Photo: Flash90

Israel downplays US arms halt

Israeli leaders are minimizing ramifications posed by the administration of United States President Joe Biden that it intends to review the sale of weapons to the United Arab Emirates.

The deal was authorized by former US leader Donald Trump, as part of last year’s Abraham Accords to normalize Israeli-UAE relations. It notably included the first-ever sale of F-35 warplanes and other weaponry to any nation in the Middle East other than Israel.

The State Department declared on Wednesday that there would be a temporary pause of some pending arms sales to US allies. Officials stressed that reviews of this kind are ‘routine’ during the transition of a new president.
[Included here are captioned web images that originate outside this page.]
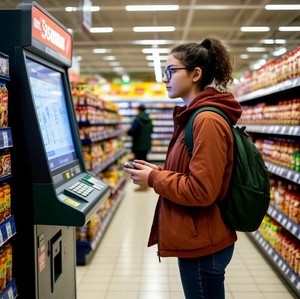 У банкомата в торговом зале супермаркета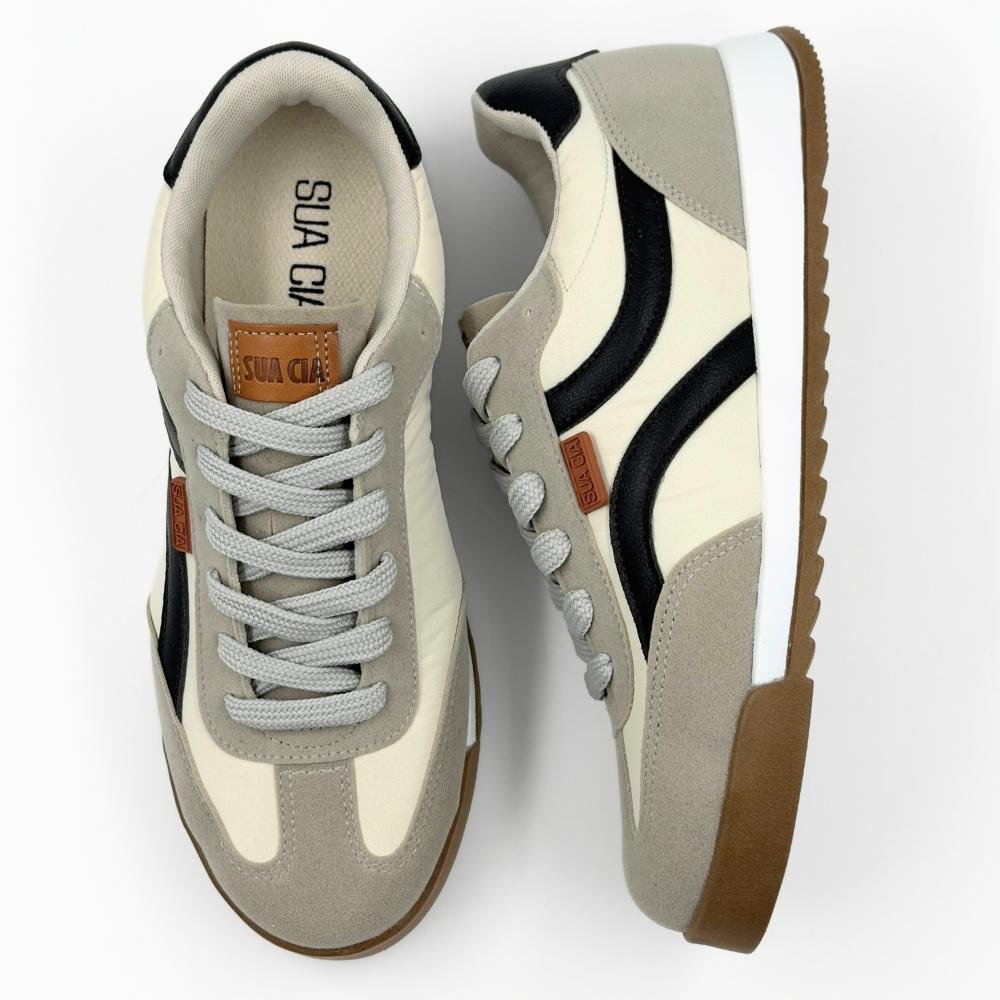 Tênis Sua Cia Casual com Cadarço Feminino Off White/Cinza/Preto 4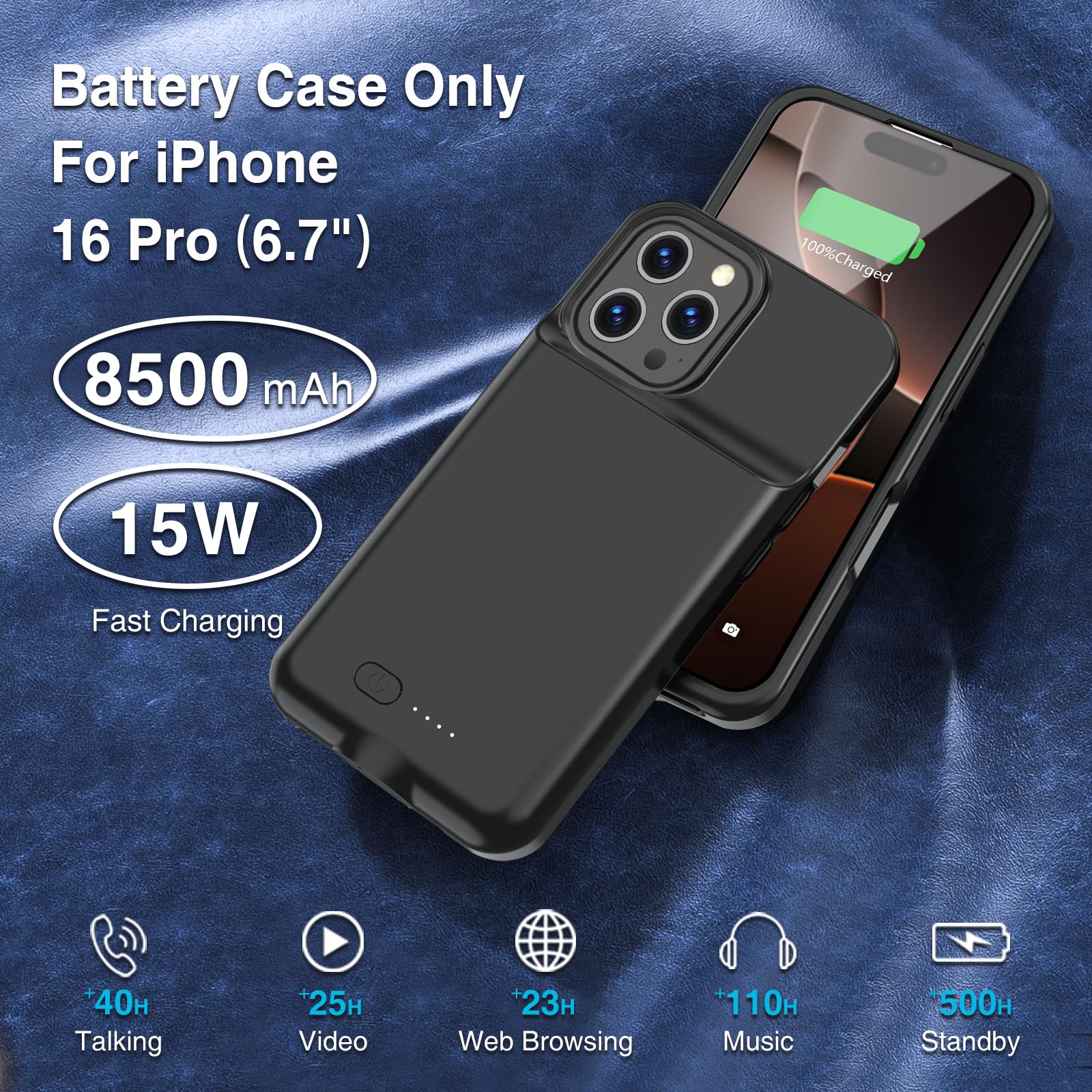 Funda de batería para iPhone 16 Pro, 15 W, carga rápida, 8500 mAh, ultradelgada, ligera, potente, recargable, anticaídas, caja de carga para iPhone 16 Pro (6.3 pulgadas), color negro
The UAE said it had anticipated the move, and vowed to work closely with the Biden administration.

After initially voicing misgivings over the sale of F-35 fighter jets to the UAE, both Israeli Prime Minister Benjamin Netanyahu and Alternate Premier and Defense Minister Benny Gantz relented, following Trump administration reassurance of the US commitment to ensuring the Jewish State would maintain its Qualitative Military Edge (QME) in the region.
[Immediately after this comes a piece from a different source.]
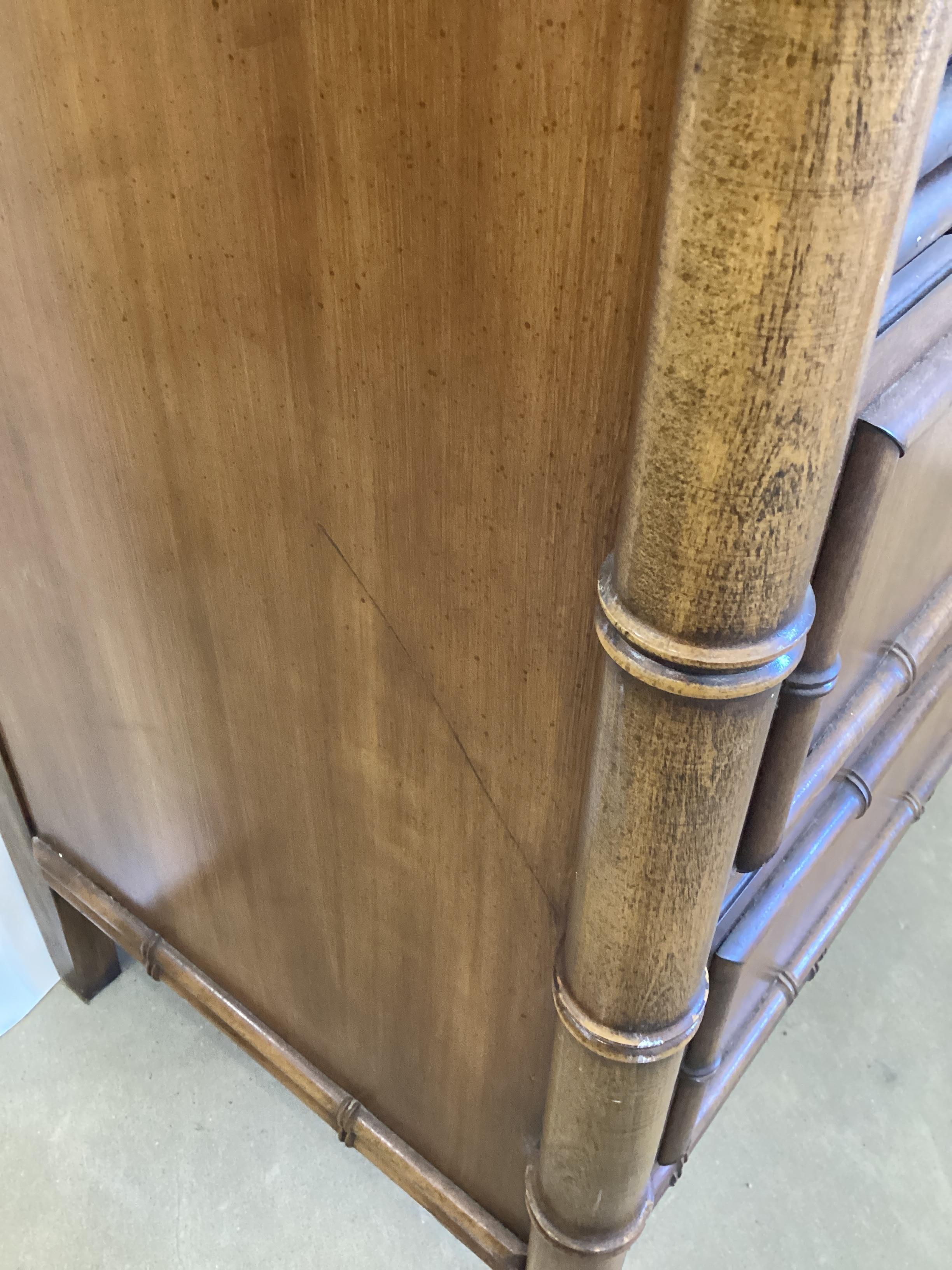 Late 20th Century Vintage Dixie Furniture Fruitwood and Rattan Armoire For Sale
When asked by reporters if the review might set back Israel’s efforts to build up relations with the UAE and other Arab countries, Netanyahu replied: “I don’t think so. I think we have passed the point of no-return.”

In reference to his nation’s recent peace pacts with 4 Arab states, Netanyahu added, “I think everyone understands now after Mohammed bin Zayed, the King of Bahrain, took this historic step, so did the King of  Morocco and so did the leaders of  Sudan, now it is already in a different stage. Everyone understands that there are huge advantages here – it’s peace in exchange for peace, peace in exchange for prosperity, peace in exchange for progress, peace in exchange for technology, peace in exchange for a future.”

Prime Minister Netanyahu then expressed his belief that the UAE arms deal will ultimately be approved by the new US administration.

This view was echoed by Israeli Defense Minister Gantz, who said, “Everyone understands that there are huge advantages here. It’s peace in exchange for peace … I think it’ll move ahead.”

Gantz also described the review as a “routine” procedure.